There is a language in the space between words,
a grammar of breath and hesitation,
where meaning does not arrive but emerges,
slow as light through winter windows,
patient as roots that crack the stone.
I learned this language from the ash of things
I could not save—letters I burned,
names I swallowed, the small deaths
that accumulate like dust on shelves
no one cleans anymore. Each one
a syllable, each syllable a door
opening onto rooms I have never entered
but know by heart.
The fire I tend does not ask for wood.
It asks for attention, for the long gaze
that sees without consuming.
It asks for the willingness to sit
in the company of what is ending
and call it holy.
Watch how the flame teaches itself to bend:
not toward the light, not toward the dark,
but toward the shape of its own becoming,
a curve that answers nothing but the wind
that carries it.
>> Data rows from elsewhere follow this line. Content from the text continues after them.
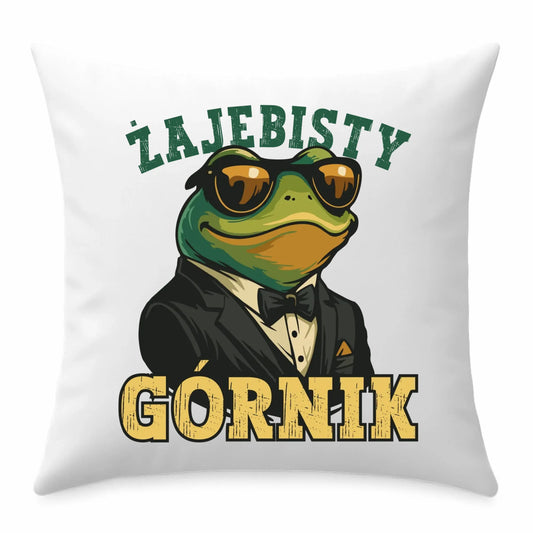 Poduszka - prezent dla górnika - Żajebisty górnik G18 - StoryCups.pl
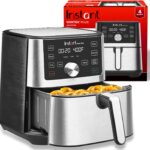 Instant Pot 4QT Vortex Plus 6-in-1 Mini Air Fryer, Custom Program Options, Crisps, Broils, Roasts, Dehydrates, Bakes, Reheats, 100+ In-App Recipes, Stainless Steel,4 Quarts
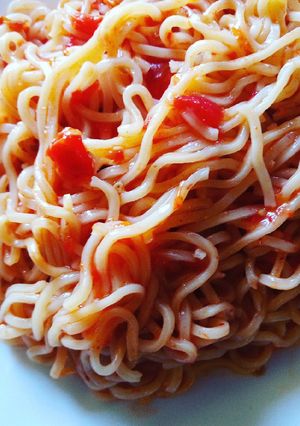 A picture of Lazy lunch (Indomie).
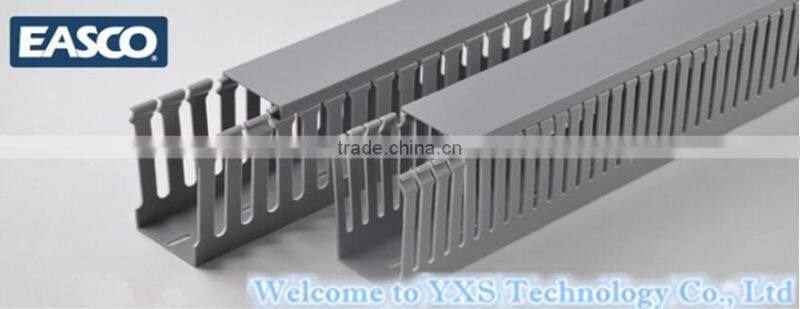 High quality insulation 40*30mm gray square PVC wiring duct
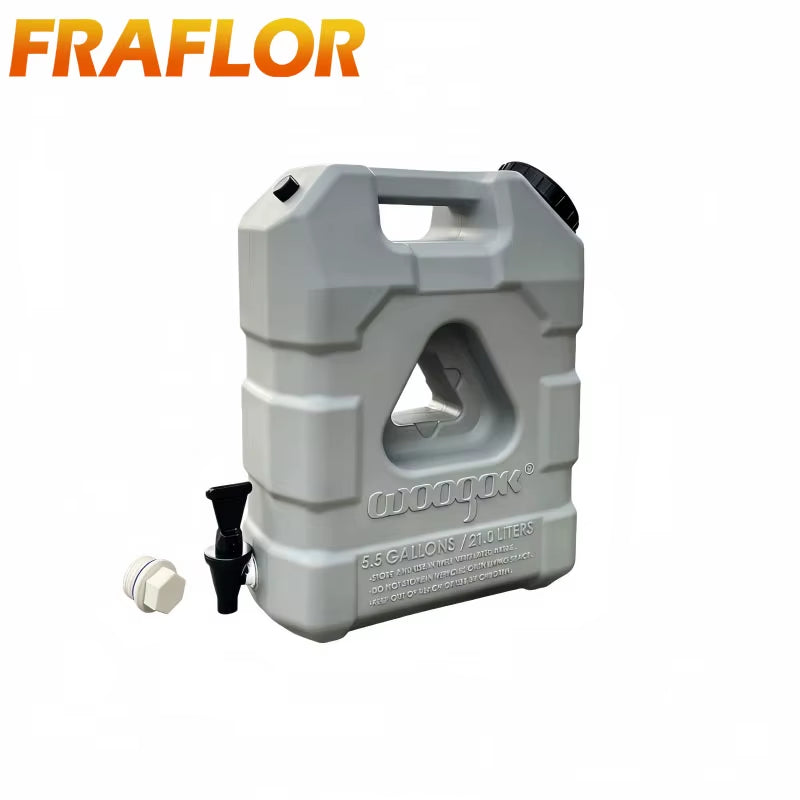 Car Mounted 21L Water Tank Large Capacity Portable Camping Water Storage Bucket Detachable Faucet for Outdoor Travel Driving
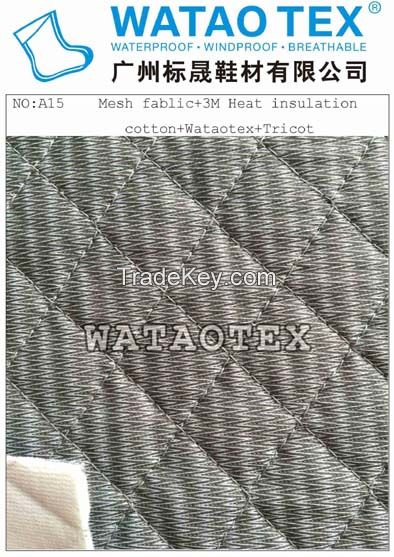 waterproof&amp;amp;breathable shoe fabric, low air-permeability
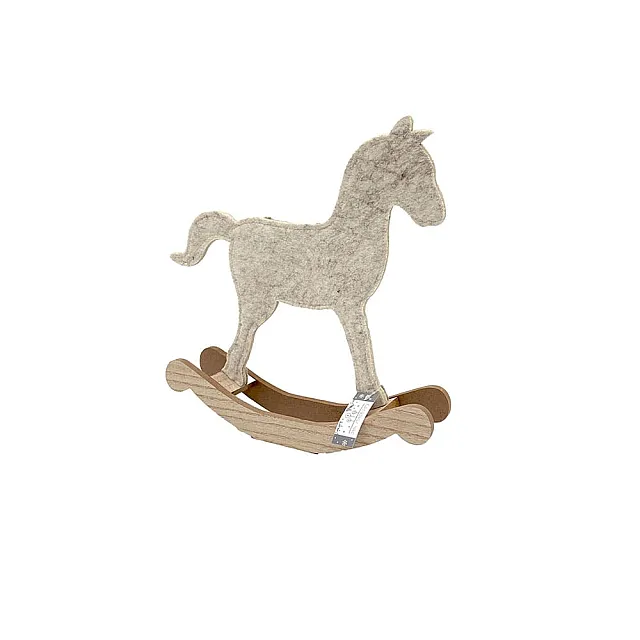 Сувенир новогодний Калядны час Felt Rocking Horse 245149-1 31.5 см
This is what I want—
to be so fully what I am that even
the passing of time cannot find purchase,
cannot claim me as its own.
The clock in the hall has stopped again.
I have stopped winding it. There is a freedom
in letting time become a river you no longer
try to navigate, a freedom in watching
the water move without asking where.
I am learning this freedom slowly,
the way one learns a difficult piece of music—
note by note, phrase by phrase,
until the body remembers what the mind
could never hold.
I remember a moment when I understood
that beauty is not what we make
but what we witness. I was standing
in a field of wild mustard, the flowers
so yellow they seemed to burn,
and I felt myself become a part
of their burning, a thread of smoke
rising from the same fire.
That moment has not ended.
It continues in everything I write,
in every line that tries to hold
what cannot be held, in every word
that points toward what has no name.
The mustard flowers are gone now.
But their fire remains, a small sun
living in the marrow of my bones,
teaching me to burn without being consumed,
to be consumed and call it living.
The page before me is empty.
It has always been empty. And yet
I fill it with the only thing I own—
the certainty that something is passing
and that I am here to witness it.
Not to capture it, not to preserve it,
but to stand in its presence and say:
I see you. I see you. I see you.
This is the poem I have been writing
since I first learned to speak.
It has no beginning and no end,
only the middle, the long middle,
where everything that matters happens
in the space between one breath and the next.
I offer it now, not as a gift
but as an acknowledgment—
that we are all fires in various stages
of burning, all lights in various stages
of dimming, all words in various stages
of becoming silence. And that this,
this trembling presence, this moment
when the flame meets the wind and does not
flinch—this is enough.
This is everything.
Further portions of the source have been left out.